2015-04-16 Thread Tim Golden
On 16/04/2015 08:08, Paul Moore wrote:
> On 16 April 2015 at 00:48, Steve Dower  wrote:
>> On the Start Menu suggestion, I think that's a horrible idea. Pip is not the
>> system package manager and it shouldn't be changing the system. Unversioned
>> script launchers are in the same category, but aren't quite as offensive.
>>
>> I know it's only a hypothetical, but I'd much rather it didn't get repeated
>> so often that it actually happens. There are better tools for making app
>> installers, as opposed to package installers.
> 
> Sorry - I agree it's an awful idea. Older wininst installers such as
> the pywin32 (and I think the PyQT one) one do this, I wanted to use it
> as an example of abuse of postinstall scripts that should *not* be
> perpetuated in any new scheme.

FWIW I've just had a to-and-fro by email with Mark Hammond. I gather
that he's now given Glyph access to the PyPI & hg setup for pywin32.

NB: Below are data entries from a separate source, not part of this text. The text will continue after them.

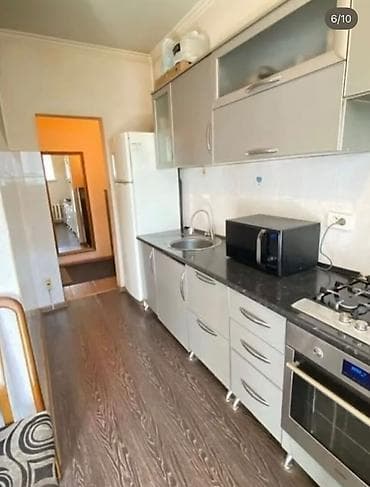 106: 3 комнаты, 81 м², Улан мкр 106 серия, 4 этаж — 4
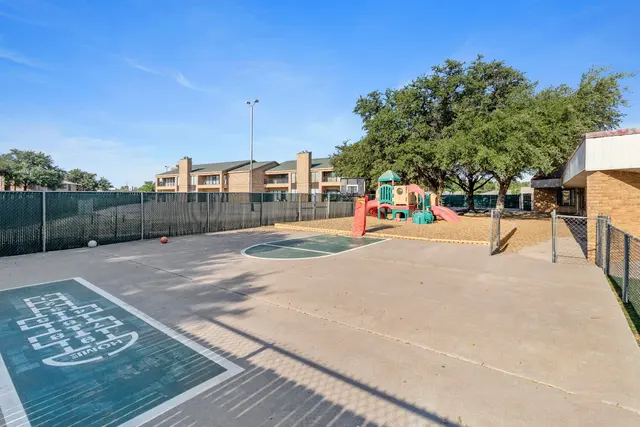 South Willis KinderCare — photo from the business 6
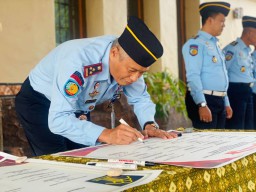 Baca juga : Komitmen Bersama Pembangunan Zona Integritas Lapas Kelas IIA Pamekasan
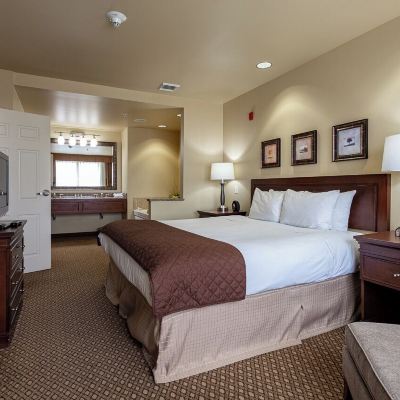 Luxury Suite, 1 King Bed With Sofa Bed, Non Smoking Jefferson Street Inn, a Member of Radisson Individuals Promo Code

He's also happy to consider changes to the setup process to support
wheel/virtualenv/postinstall improvements. There's been a side
discussion on the pywin32 list about which versions of Python pywin32
should continue to support going forward, which obviously interacts with
the idea of making it wheel/virtualenv-friendly.

I'm not sure what Glyph's plan is at this point -- doubtless he can
speak for himself. I gather from Paul's comments earlier that he's not a
particular fan of pywin32. If the thing seems to have legs, I'm happy to
coordinate changes to the setup. (I am, technically, a pywin32 committer
although I've never made use of that fact).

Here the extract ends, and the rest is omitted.